## Information shown
== == ==

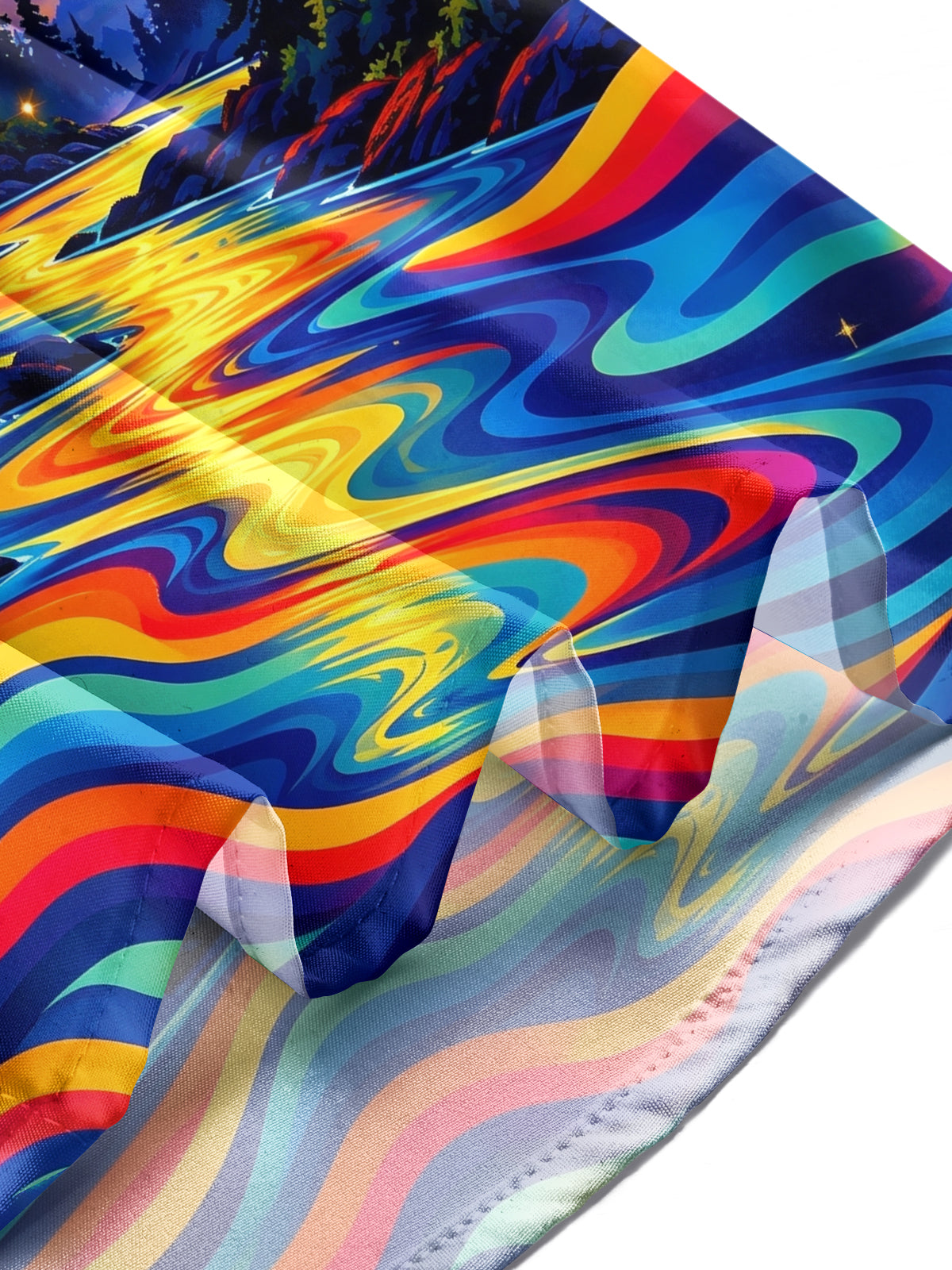 Oceanlyte Men's Long Sleeve Stand Collar Shirt - Psychedelic Forest Landscape With Full Moon Print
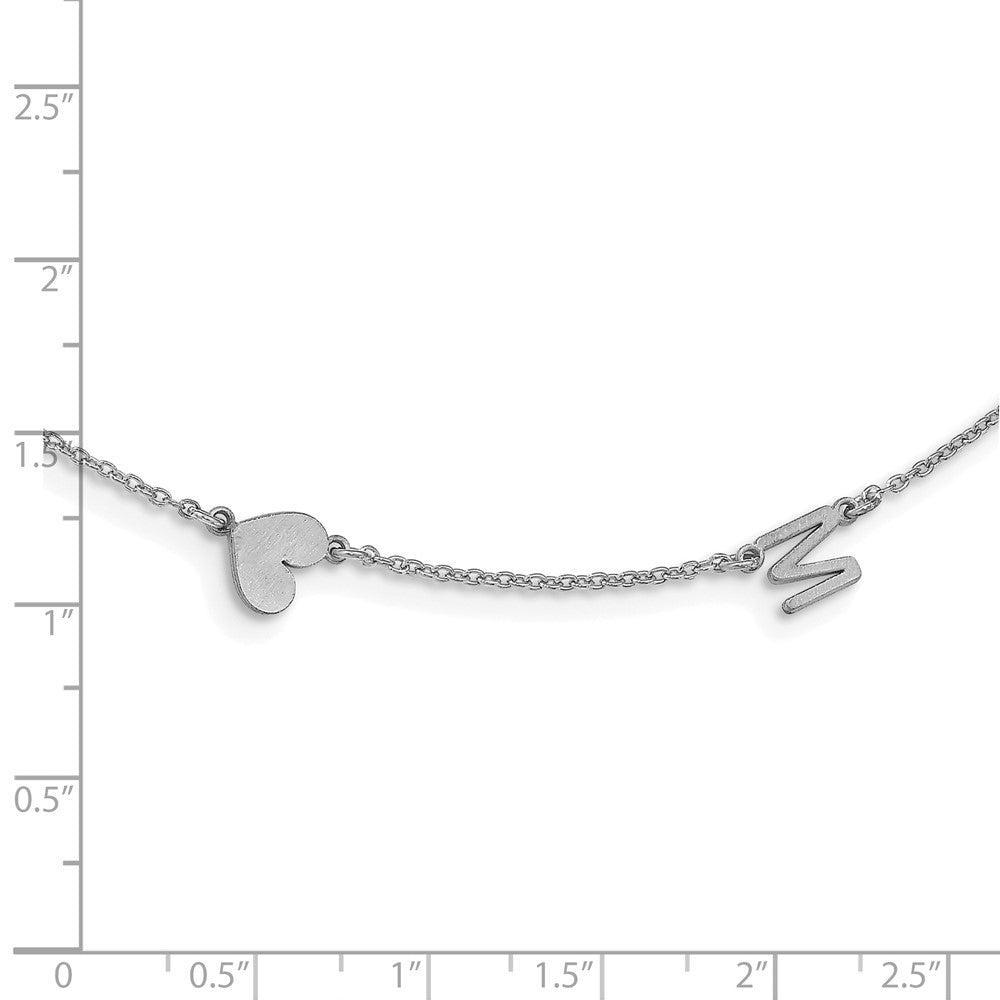 Sterling Silver Silver/Rhodium Plated Brushed 2 Initial/Symbol Necklace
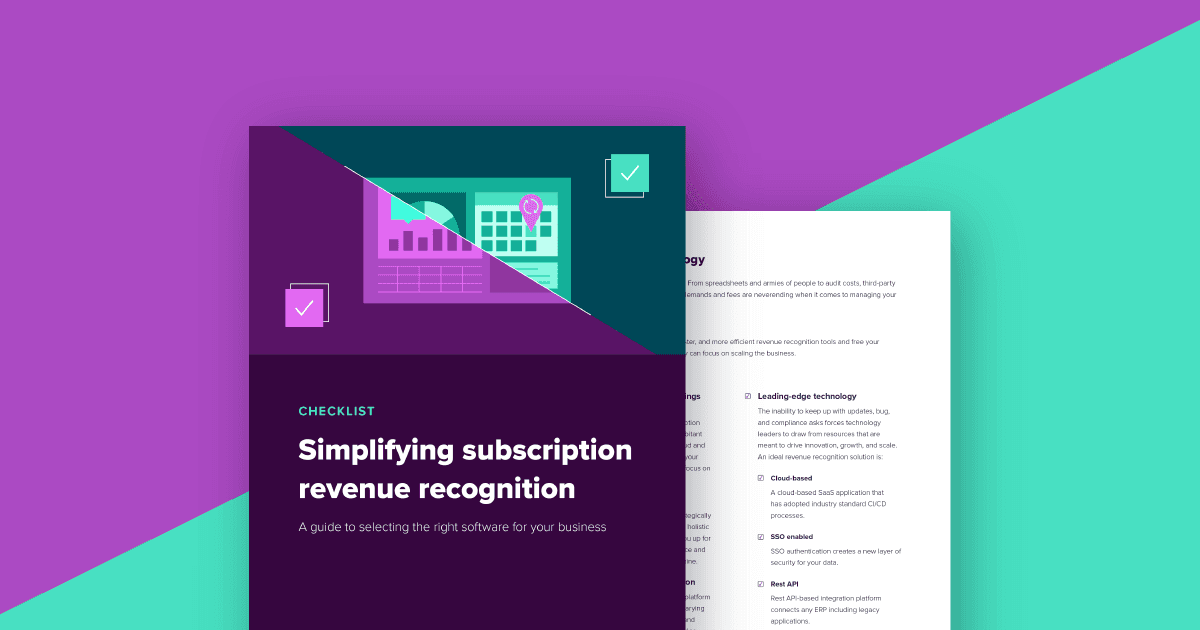 Image showing a checklist that helps subscription businesses evaluate revenue recognition software.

== == ==

Given the listing above, return exactly, and only, the lines from the line with "Sterling Silver Silver/Rhodium" through its final line, both included, with the pictures removed.

 Sterling Silver Silver/Rhodium Plated Brushed 2 Initial/Symbol Necklace
 Image showing a checklist that helps subscription businesses evaluate revenue recognition software.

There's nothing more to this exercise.